### Provided material
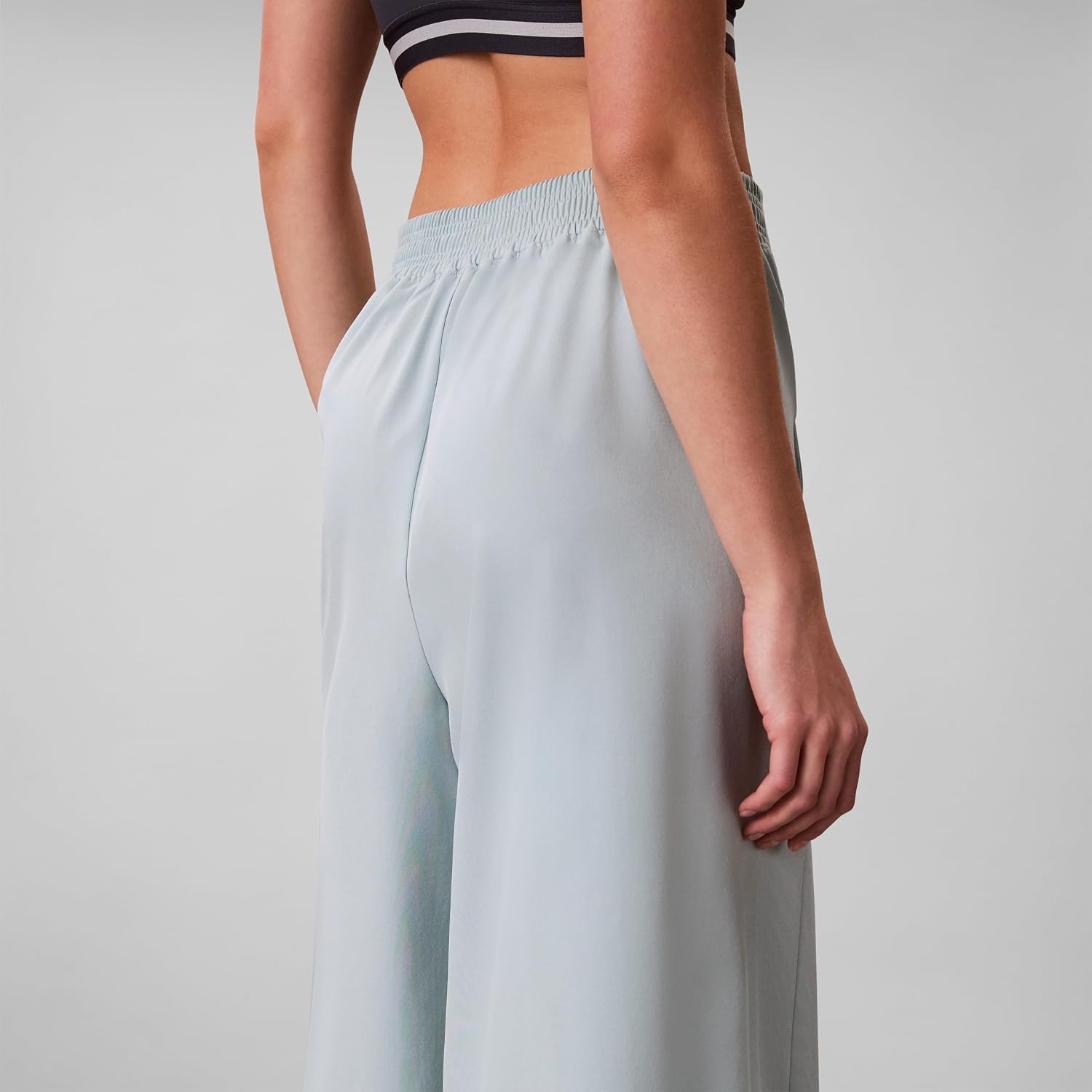 image:imageCalvin Klein Womens Commuter Capri Wide Leg PantsEther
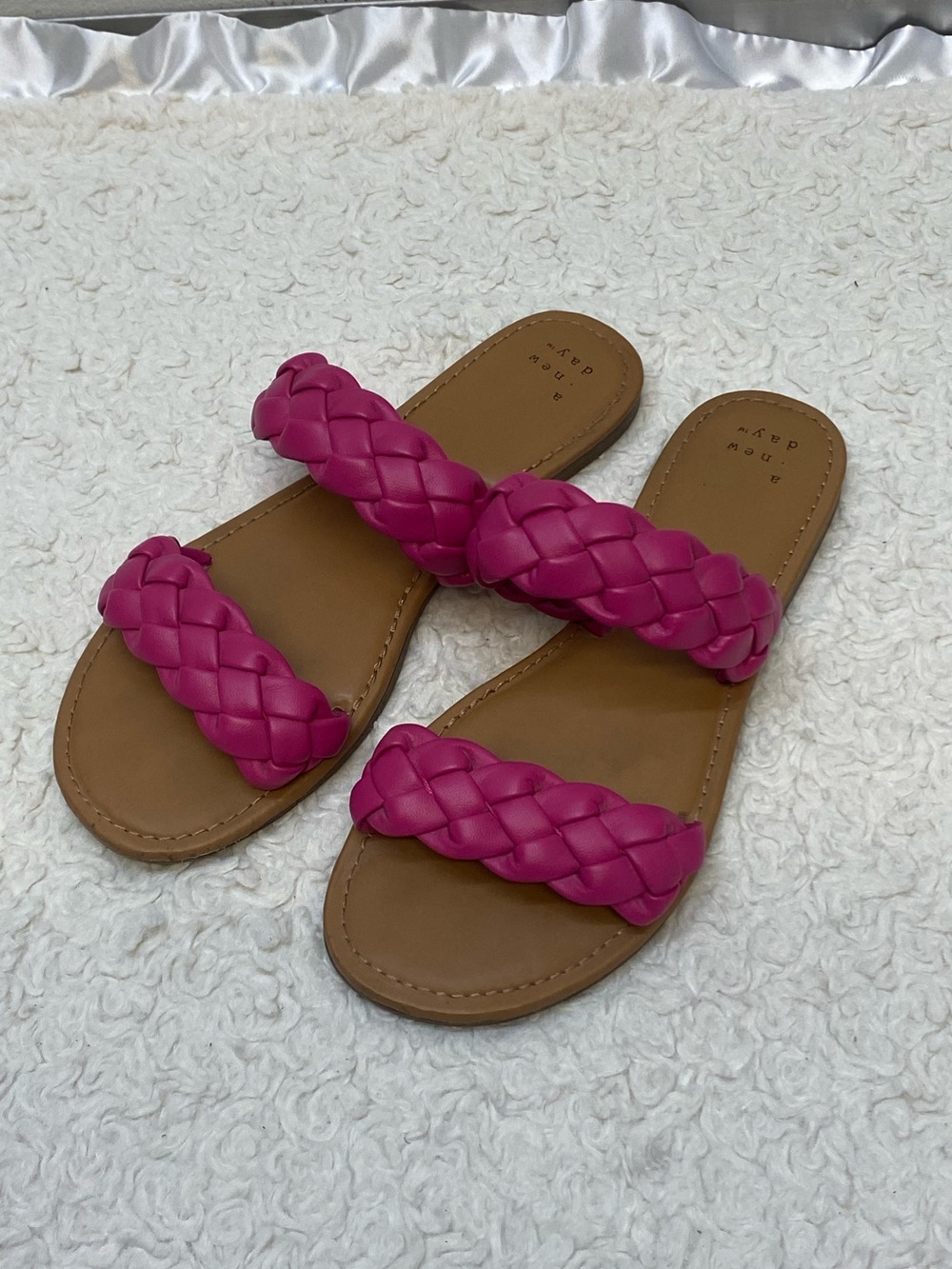A New Day Lucy braided slide sandals in hot pink women’s size 6.5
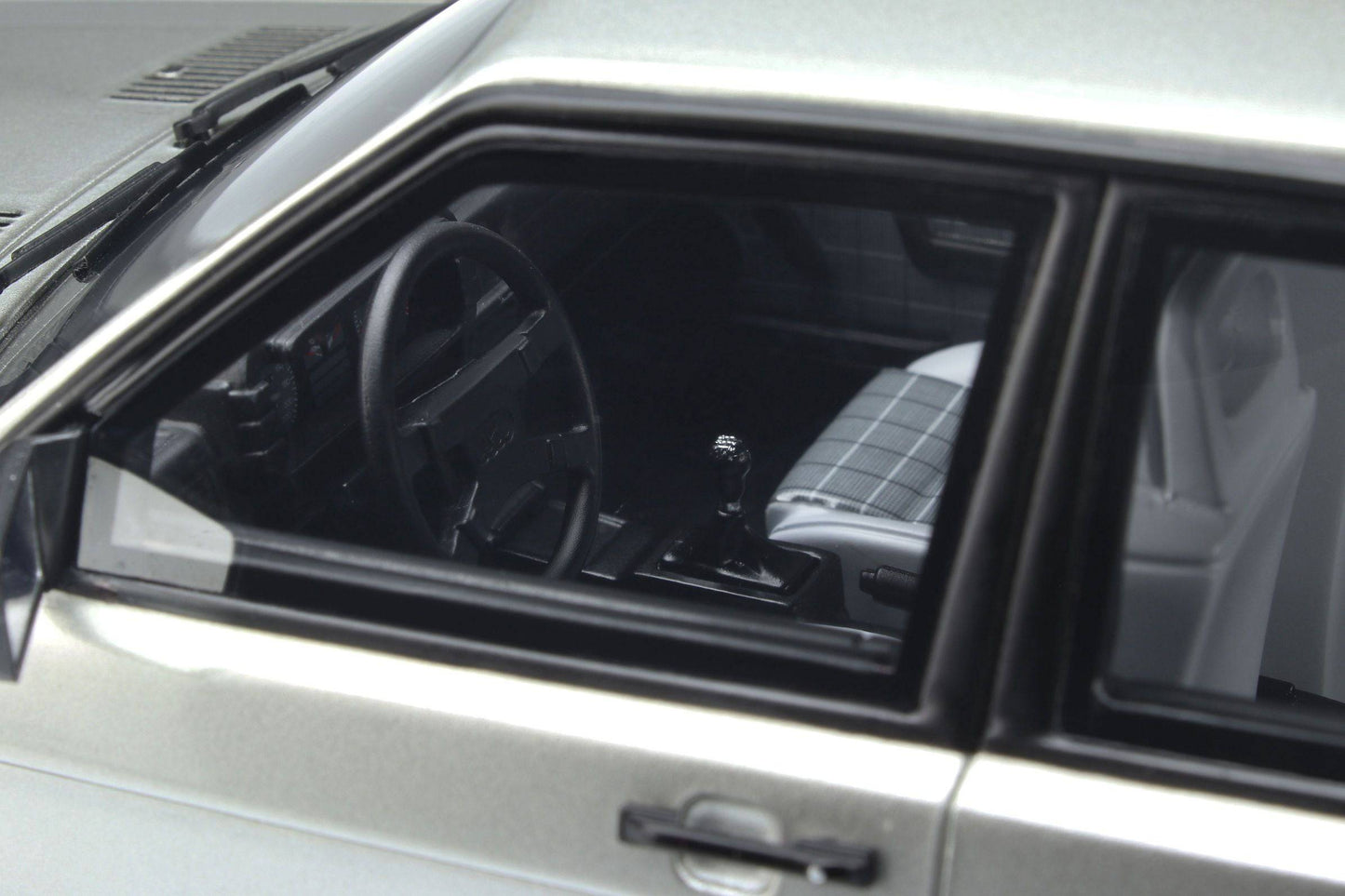 OttOmobile - Audi 80 Quattro (B2) (Zermatt Silver) 1:18 Scale Model Car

### Description of the task
Would you restate, word for word, the lines from the one holding "A New Day Lucy" through the end of the material above? Omit the pictures.

### Reply
A New Day Lucy braided slide sandals in hot pink women’s size 6.5
 OttOmobile - Audi 80 Quattro (B2) (Zermatt Silver) 1:18 Scale Model Car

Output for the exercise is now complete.